Conformalized Hierarchical Calibration for Uncertainty-Aware Adaptive Hashing¶

Conference: ICLR2026
OpenReview: https://openreview.net/forum?id=fBmRLVAw4T
Code: To be confirmed
Area: Information Retrieval / Cross-domain Hashing
Keywords: Deep Hashing, Unsupervised Domain Adaptation, Conformal Prediction, Uncertainty Quantification, Approximate Nearest Neighbor Search

TL;DR¶

To address the persistent issues of pseudo-label noise and blind domain alignment in Unsupervised Domain Adaptive Hashing (UDAH), COLA introduces a "conformal hierarchical calibration" framework. It quantifies sample reliability at the semantic level using the size of conformal prediction sets and predicts the stability of each hash bit at the representation level. By upgrading uncertainty from heuristic thresholds to continuous weights with statistical guarantees, and utilizing a self-regulating closed loop for dynamic multi-objective loss scheduling, COLA achieves new SOTA mAP results on Office-Home, Office-31, and Digits datasets.

Background & Motivation¶

Background: Deep hashing, which replaces floating-point distances with bitwise operations, is a key technology for large-scale Approximate Nearest Neighbor (ANN) retrieval, widely used in recommendation systems, visual search, and RAG. However, real-world deployment inevitably encounters domain shift (changes in imaging equipment, style, or background distribution), causing trained models to suffer from semantic confusion and overconfidence on target domains. Unsupervised Domain Adaptive Hashing (UDAH) aims to bridge this gap by transferring knowledge from a labeled source domain to an unlabeled target domain via two main paths: pseudo-labeling (generating supervision signals from the model's own predictions) and domain alignment (reducing feature discrepancies via adversarial training or distribution matching).

Limitations of Prior Work: The performance of both paths is hindered by the unreliable and heuristic handling of model uncertainty.

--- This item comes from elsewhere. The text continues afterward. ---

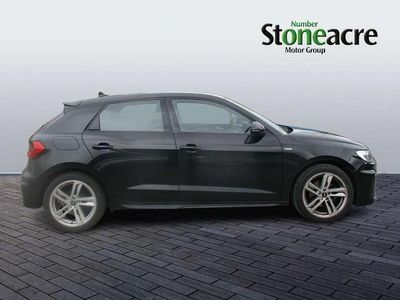 Used Audi A1 S-Line 108 HP (79 kW) 2023 Black SUV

The paper highlights three specific issues: ① Reliance on simple heuristics like softmax thresholds to filter pseudo-labels, though softmax scores are not reliable indicators of correctness, especially as neural networks often make "confident mistakes" on out-of-distribution samples; ② Lack of verifiable characterization of uncertainty, where heuristic methods lack theoretical guarantees and are extremely sensitive to manual thresholds; ③ Treating uncertainty as a monolith, failing to distinguish between "semantic judgment uncertainty" and "bit-level representation stability."

Key Challenge: Retrieval quality depends on both "what to learn" (credibility of pseudo-labels) and "how to encode" (robustness of hash codes). Existing methods use a coarse scalar confidence to manage both, which is neither reliable nor hierarchical.

Goal: To upgrade UDAH from "fragile heuristic confidence" to a "hierarchical uncertainty quantification framework with strict statistical guarantees," allowing quantified uncertainty to both filter samples and tune losses.

Key Insight: The authors introduce conformal prediction, a distribution-free framework that constructs a prediction set for any new sample such that the true label is contained within the set with a probability of at least \(1-\alpha\). The size of the prediction set naturally serves as a theoretically grounded measure of uncertainty. Extending this idea from the semantic level to the bit level allows for the calibration of both "judgment" and "representation."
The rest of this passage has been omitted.